Please elaborate. What steps do I need to take in kttmg or pyTivo to preserve closed captioning when transferring the .tivo files back to the Tivo?


----------



## wmcbrine (Aug 2, 2003)

No steps possible at this time, pyTivo doesn't support sending transport streams back to the TiVo (assuming that would preserve captions; I don't know). I actually have this on my short list to implement, but it hadn't been a priority because we still have no tivodecode for transport streams. It will have to be opaque .TiVo files that we send and receive.

But the caption handling ultimately is a TiVo-side bug, and they need to fix it.


----------



## bbrown9 (Mar 12, 2011)

But if it works with their software, won't they claim that that there is no bug? What motivation do they have to fix it?


----------



## wmcbrine (Aug 2, 2003)

It doesn't work with their software. Just uncheck the "fast transfers" box, and you'll see the same thing from TiVo Desktop.
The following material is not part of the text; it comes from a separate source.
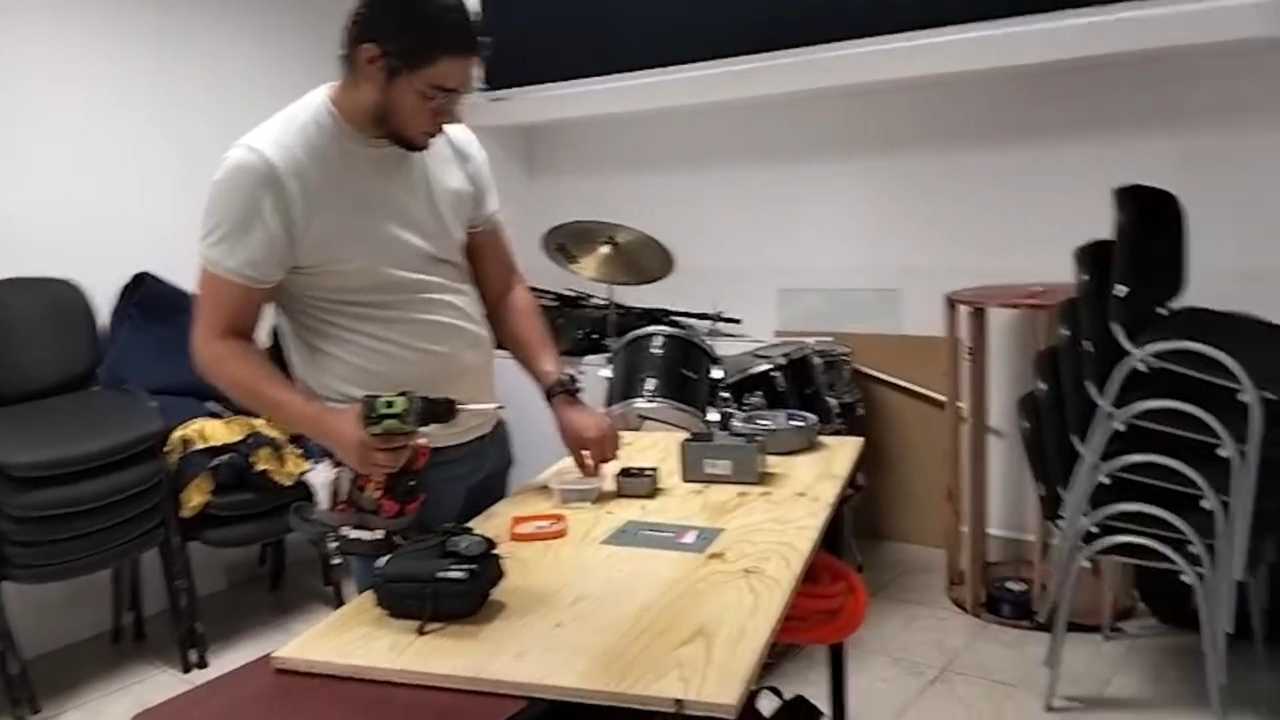 Las sesiones de taller facilitan la manipulación directa de instrumentos y equipos técnicos para la consolidación del aprendizaje práctico. Las sesiones de taller facilitan la manipulación directa de instrumentos y equipos técnicos para la consolidación del aprendizaje práctico.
I can now confirm that transport streams preserve the captions, BTW.


----------



## wmcbrine (Aug 2, 2003)

I've made a small change to my fork of pyTivo to allow it to pass transport-stream .TiVo files back to the TiVo. It still won't retrieve them _from_ the TiVo, and there are other limitations, but it's better than it was.


----------



## jasew (Jun 12, 2012)

Hmm - so much going on. I've been doing a little reading and searching on program vs transport streams as these a new concepts to me. Well, my main goal was to find a way to offload videos from the Tivo and put them back for later viewing with CC preserved. I can do that with Tivo Desktop.

Thanks for the information wmcbrine. The knowledge will certainly be useful if I decide to do other tricks.


----------



## moyekj (Jan 24, 2006)

Reviving this thread because I just noticed now with 20.2.2.1 software captions now survive and are functional when transferring shows with captions back to TiVo.


----------



## mattack (Apr 9, 2001)

Hmm, I'm pretty sure that I still don't get captions when I transfer back.. but sometimes the shows I transfer are OLD shows from TivoHD or even possibly my now dead S3&#8230; and it SEEMED to matter whether it came from the Premiere 4 or not.


----------



## jasew (Jun 12, 2012)

I have the latest Tivo update and I still don't see captions after making a round trip with a .tivo file. I'm also using the latest versions of kttmg and pyTivo.


----------



## moyekj (Jan 24, 2006)

I just confirmed again it worked for me, but I know why. I have kmttg configured for TS downloads. So if you download TiVo files in Transport Stream container instead of Program Stream the captions are preserved. Of course the trouble with TS TiVo files is "tivodecode" does not work reliably with them, however in my case I use VideoRedo to decrypt TiVo files so it's not a problem. However if you are just storing them as .TiVo files on your PC then using TS downloads will solve your problem.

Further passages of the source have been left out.